##### PROVIDED DATA #####

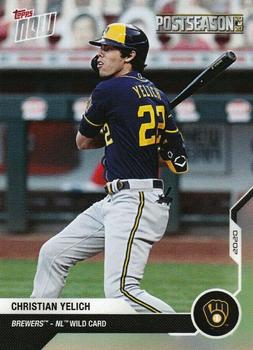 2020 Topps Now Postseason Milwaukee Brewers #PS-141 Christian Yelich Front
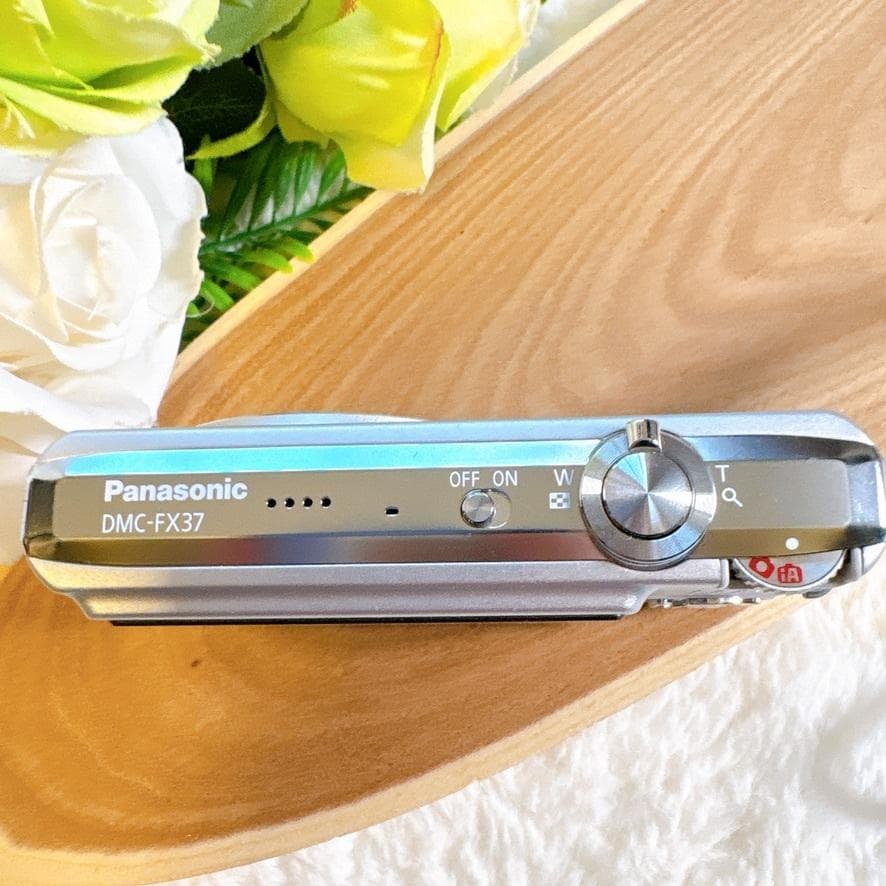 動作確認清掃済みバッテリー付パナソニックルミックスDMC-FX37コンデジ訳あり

#####
##### PROVIDED DATA #####

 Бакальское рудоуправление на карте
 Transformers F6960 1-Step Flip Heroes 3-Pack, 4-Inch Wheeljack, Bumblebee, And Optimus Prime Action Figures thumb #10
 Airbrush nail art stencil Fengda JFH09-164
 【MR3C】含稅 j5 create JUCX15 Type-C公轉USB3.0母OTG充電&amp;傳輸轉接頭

#####
##### PROVIDED DATA #####

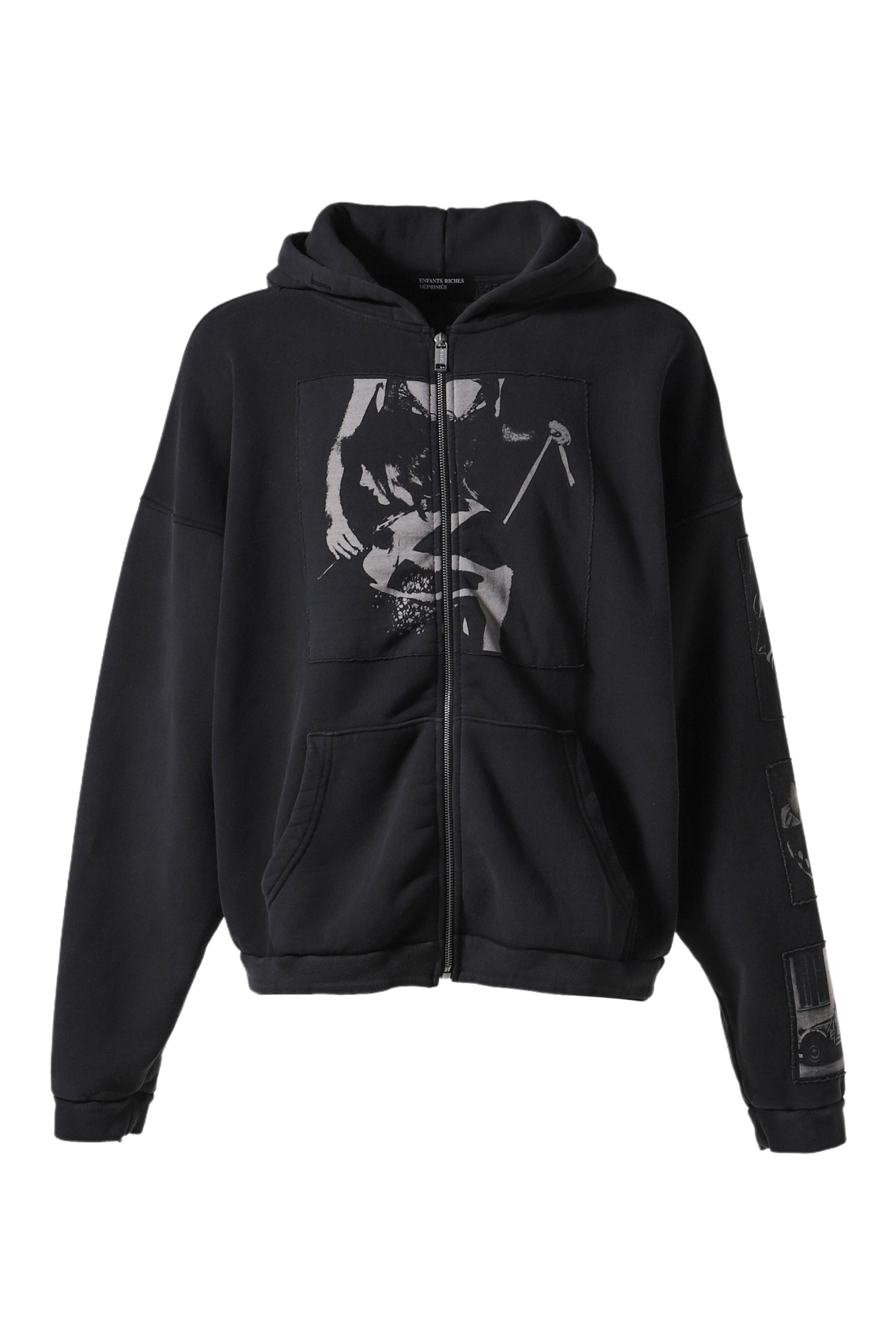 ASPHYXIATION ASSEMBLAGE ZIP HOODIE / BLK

#####

REQUIRED WORK
Take the entries above and return only the lines from the one with "Airbrush nail art stencil Fengda JFH09-164" to the one with "create JUCX15 Type-C公轉USB3.0母OTG充電&amp;傳輸轉接頭", both included, unchanged.

EXPECTED OUTPUT
 Airbrush nail art stencil Fengda JFH09-164
 【MR3C】含稅 j5 create JUCX15 Type-C公轉USB3.0母OTG充電&amp;傳輸轉接頭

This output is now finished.